Michel Guérard, père de la cuisine minceur et figure de la gastronomie française à travers le monde au siècle dernier au même titre que son ami Paul Bocuse ou encore des frères Troisgros, ne manquait jamais une occasion de rappeler que c’est à Mantes-la-Jolie, chez Kléber Alix, pâtissier-traiteur de la rue Thiers, qu’il avait appris les bases de son métier.
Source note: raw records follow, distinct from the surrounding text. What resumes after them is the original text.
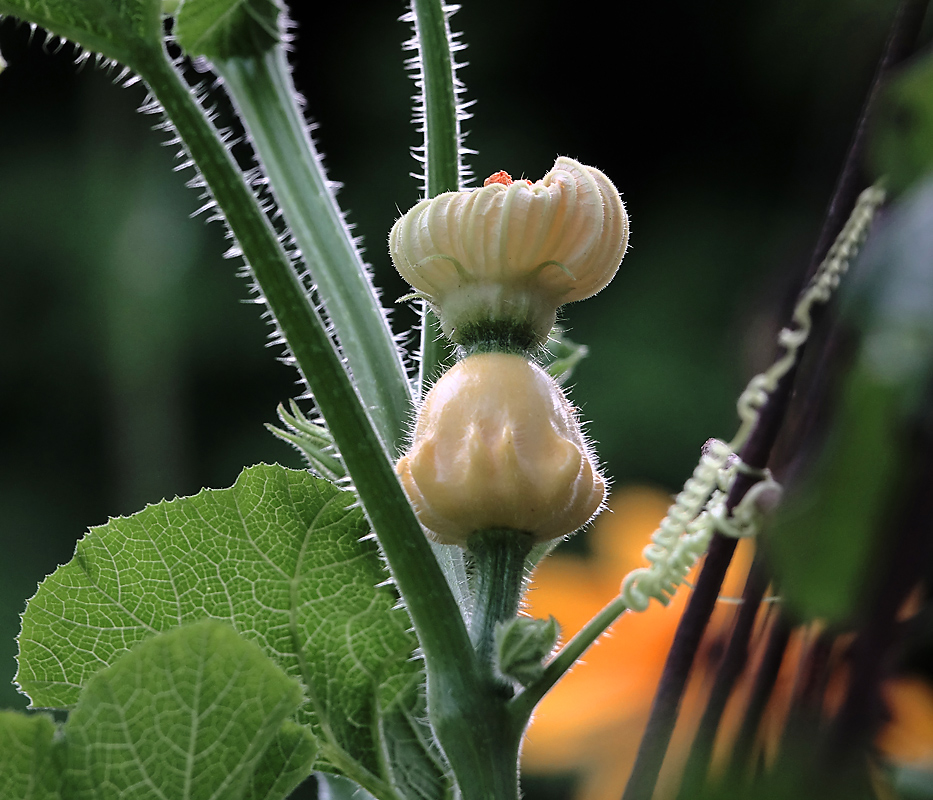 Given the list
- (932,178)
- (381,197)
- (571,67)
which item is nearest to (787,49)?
(932,178)

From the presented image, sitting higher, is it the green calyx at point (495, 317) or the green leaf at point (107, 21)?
the green leaf at point (107, 21)

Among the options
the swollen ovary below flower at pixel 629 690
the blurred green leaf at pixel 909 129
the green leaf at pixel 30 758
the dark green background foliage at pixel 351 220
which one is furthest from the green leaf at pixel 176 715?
the dark green background foliage at pixel 351 220

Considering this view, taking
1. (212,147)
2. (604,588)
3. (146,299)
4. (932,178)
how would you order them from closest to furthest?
(932,178), (212,147), (604,588), (146,299)

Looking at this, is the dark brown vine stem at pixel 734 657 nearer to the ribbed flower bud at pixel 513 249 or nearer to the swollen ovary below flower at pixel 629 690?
the swollen ovary below flower at pixel 629 690

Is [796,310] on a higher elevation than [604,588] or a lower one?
lower

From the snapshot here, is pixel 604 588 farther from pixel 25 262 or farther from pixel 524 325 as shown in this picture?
pixel 25 262

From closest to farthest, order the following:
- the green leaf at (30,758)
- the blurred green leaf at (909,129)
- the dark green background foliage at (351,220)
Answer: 1. the blurred green leaf at (909,129)
2. the green leaf at (30,758)
3. the dark green background foliage at (351,220)

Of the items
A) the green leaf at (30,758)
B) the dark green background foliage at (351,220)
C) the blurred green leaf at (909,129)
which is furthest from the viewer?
the dark green background foliage at (351,220) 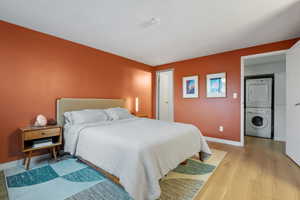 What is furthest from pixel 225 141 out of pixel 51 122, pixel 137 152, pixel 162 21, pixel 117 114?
pixel 51 122

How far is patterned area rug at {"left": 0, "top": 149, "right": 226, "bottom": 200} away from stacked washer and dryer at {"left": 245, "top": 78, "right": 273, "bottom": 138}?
303 centimetres

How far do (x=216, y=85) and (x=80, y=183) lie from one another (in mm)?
3608

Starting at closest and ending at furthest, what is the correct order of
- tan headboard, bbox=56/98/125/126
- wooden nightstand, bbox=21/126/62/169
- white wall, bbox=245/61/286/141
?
wooden nightstand, bbox=21/126/62/169
tan headboard, bbox=56/98/125/126
white wall, bbox=245/61/286/141

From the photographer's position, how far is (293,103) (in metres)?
2.40

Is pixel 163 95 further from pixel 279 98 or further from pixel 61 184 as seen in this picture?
pixel 61 184

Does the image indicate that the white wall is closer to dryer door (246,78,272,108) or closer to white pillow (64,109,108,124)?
dryer door (246,78,272,108)

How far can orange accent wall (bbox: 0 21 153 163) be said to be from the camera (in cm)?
219

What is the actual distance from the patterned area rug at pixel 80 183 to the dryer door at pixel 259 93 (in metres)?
3.22

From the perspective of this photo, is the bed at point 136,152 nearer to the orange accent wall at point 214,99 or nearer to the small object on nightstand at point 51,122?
the small object on nightstand at point 51,122

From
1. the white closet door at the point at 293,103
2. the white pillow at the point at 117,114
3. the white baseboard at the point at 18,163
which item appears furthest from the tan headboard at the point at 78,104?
the white closet door at the point at 293,103

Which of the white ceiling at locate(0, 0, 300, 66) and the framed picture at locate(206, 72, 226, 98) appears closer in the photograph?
the white ceiling at locate(0, 0, 300, 66)

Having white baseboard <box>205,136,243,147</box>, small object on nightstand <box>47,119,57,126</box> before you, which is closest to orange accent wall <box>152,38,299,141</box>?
white baseboard <box>205,136,243,147</box>

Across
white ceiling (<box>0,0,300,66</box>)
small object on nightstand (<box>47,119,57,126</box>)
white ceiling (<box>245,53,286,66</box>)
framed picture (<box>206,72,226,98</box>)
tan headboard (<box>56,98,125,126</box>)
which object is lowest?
small object on nightstand (<box>47,119,57,126</box>)

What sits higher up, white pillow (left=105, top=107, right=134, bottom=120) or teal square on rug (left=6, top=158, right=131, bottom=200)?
white pillow (left=105, top=107, right=134, bottom=120) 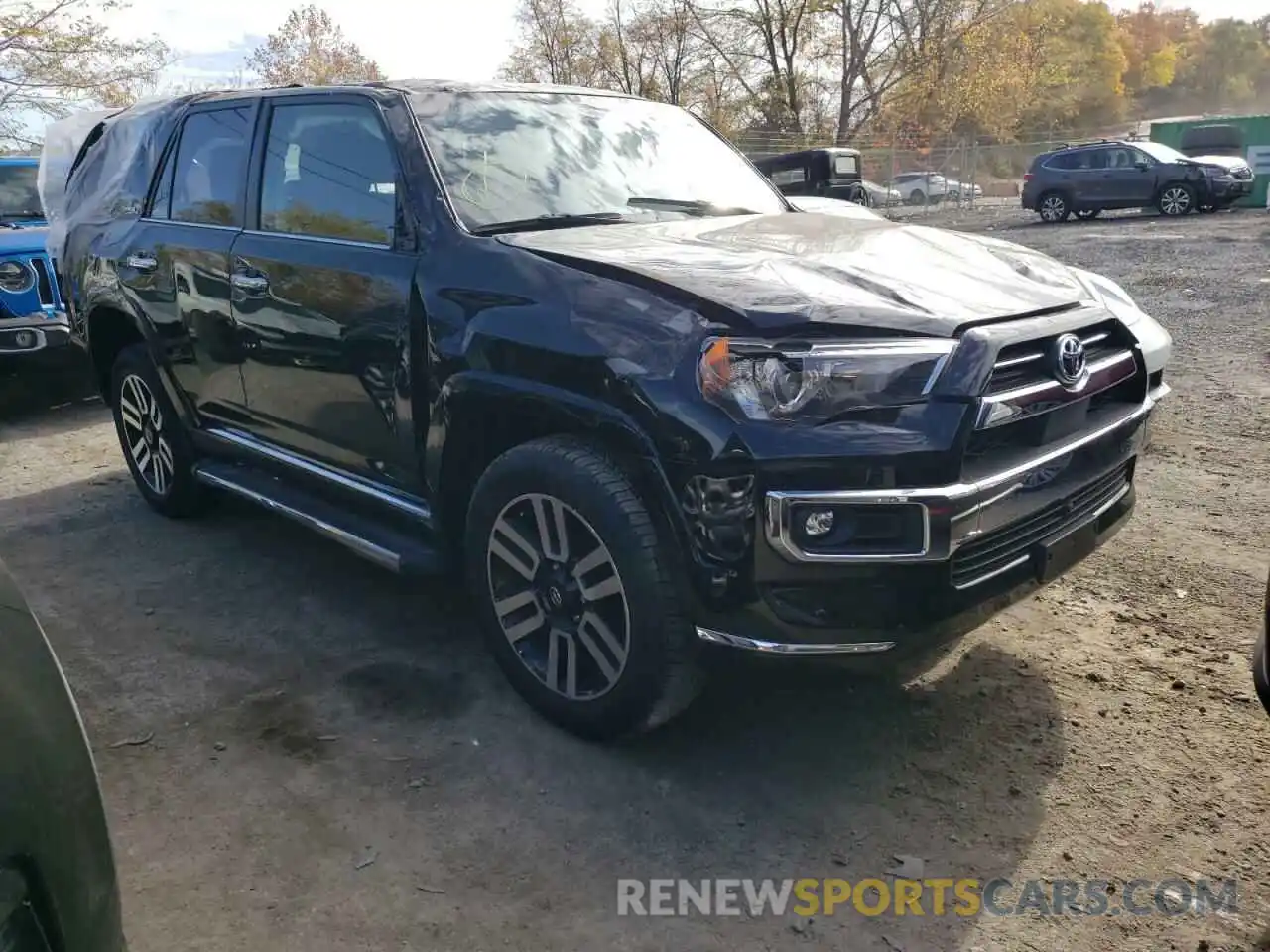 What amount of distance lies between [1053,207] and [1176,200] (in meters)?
2.45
Dans la biographie (parue aux éditions Albin Michel) que lui a consacrée Benoît Peeters, en 2020, à travers une série d’entretiens, l’enfant de Vétheuil (Val-d’Oise), où il était né en 1933, était longuement revenu sur cette étape formatrice de son parcours. S’il a appris le goût des bonnes choses grâce à sa grand-mère et sa mère, c’est chez Alix, où il est entré à 16 ans comme apprenti pâtissier, qu’il a appris à tout faire.

« C’était un grand maître, je lui reste très reconnaissant. C’était un enfant du peuple qui avait beaucoup travaillé […] C’était l’époque des apprentissages à la dure, façon XIXe siècle. Le leitmotiv était le travail, le travail, le travail. »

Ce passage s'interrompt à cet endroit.